During my whole life as a photographer I have made fiction related work. I choose my models carefully and style every detail; From the clothing to the surroundings.
I love to be in control and create my own world.
During this semester I have experimented quite a lot with documentary photography.
I have made a series where I observed one of my roommates and I made a series of a church community in the Hague. During this process I noticed how determined I was to getting to know these people and showing them in their truest way possible.
My biggest inspiration has always been people and their behavior. But instead of building a character inspired by people as I do in my fiction work, the documentary work was about capturing people as they are. I loved doing that so much that it convinced me to go for documentary.
This doesn’t mean that I necessarily want to practice the classic documentary style, and let complete loose of the staging, I think you can combine the two. But I do want to change my way of working. I want to take the role of observer and show my genuine interest in other people (or things). It is a way of showing my story and my experiences.

Raimond has been a great inspiration for me this semester. He teaches the documentary class and gave regular feedback on my series. Talking about what I want to tell with my work and how to achieve it was super interesting. It was about capturing raw emotions instead of staging them and that was eye opening to me. Raimond said that my portfolio came off as very commercial and not as the work of an artist. I am aware of that and have heard that a lot this year. Going for documentary and almost not being able to make these kinds of images would be a great help for me to experiment and get out of my safe zone.
Choosing documentary would be a great way to practice something that I have no background in. With fiction I do have and I tend to call back to my old style.
I have so many interest and things that I am mad about, with everything happening in the world right now I feel the urge to show the real world and address certain issues.

I will now talk about some of the failures and successes that I had this year.
Let’s start with process, my worst failure. Documenting my process is something that I am not good at. I forget to keep track of the steps I made and fail to document them.
I am too focussed on the end result but I should be focussing on the process leading up to it. Because that is thé thing that you learn from.
When it comes to professionality, I have also lacked a lot. Handing my work in when it’s past the due date, or not showing up in online class are things that are not unfamiliar to me.
Not as an excuse but rather as an explanation I’d like to address that I have ADD (Attention Deficit Disorder) which makes it hard for me to focus, especially when the structure of going to school falls away. I am planning to get professional help with this in the next year.

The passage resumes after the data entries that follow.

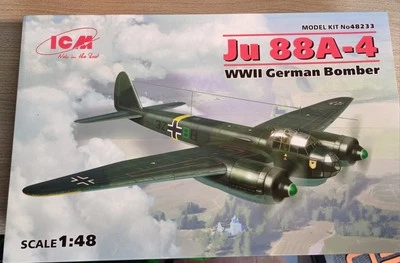 1:48 ICM  Junker Ju 88A-4  - Immagine 1 di 2
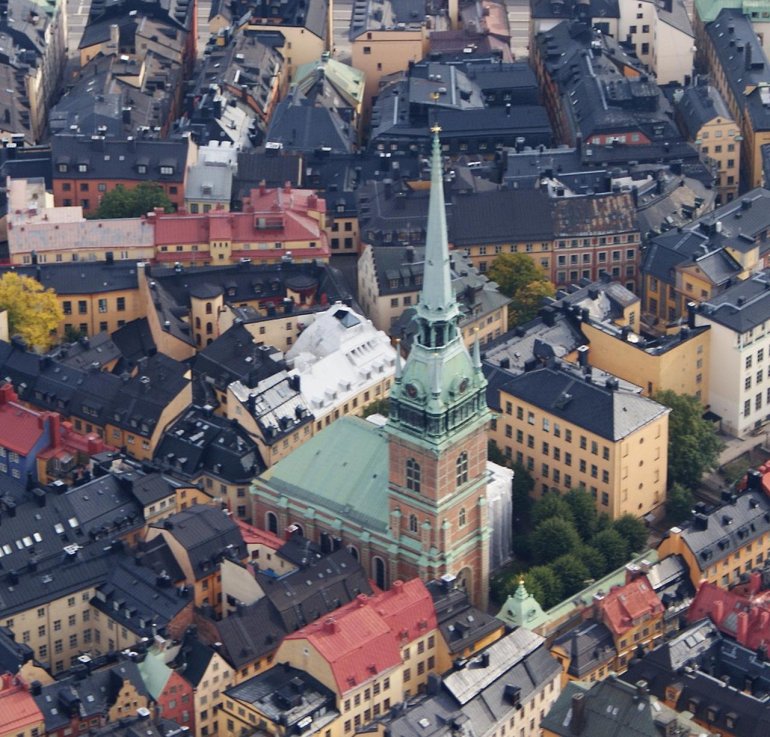 немецкая церковь в Стокгольме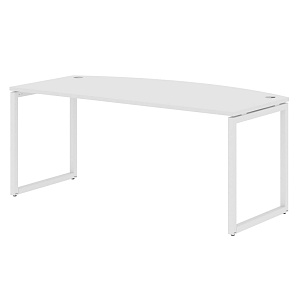 Стол руководителя XTEN-Q, 180х91, белый/белый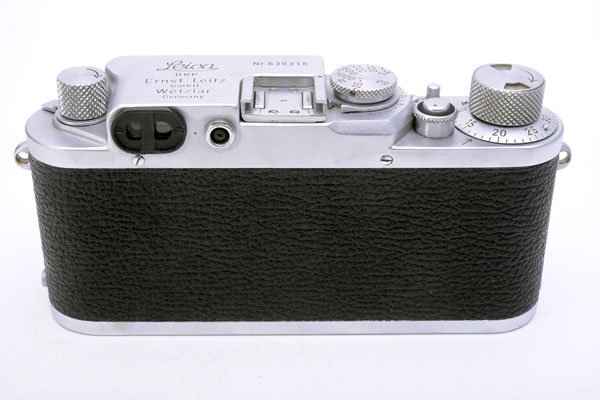 LEICA ライカ バルナック IIIf 3f RD レッドダイヤル 1954年製 (整備済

One of the successes this year is that I have gained much more knowledge of art and this has made my ‘world’ a lot bigger. The understanding of art has changed the way that I look at my surroundings and makes it easier to position myself in the world of photography.
Other than that I feel like I have tried a lot of new, creative things that I normally wouldn’t have made. This academy is an addition to my life and mind state. I am looking forward to making more and cooler things next year!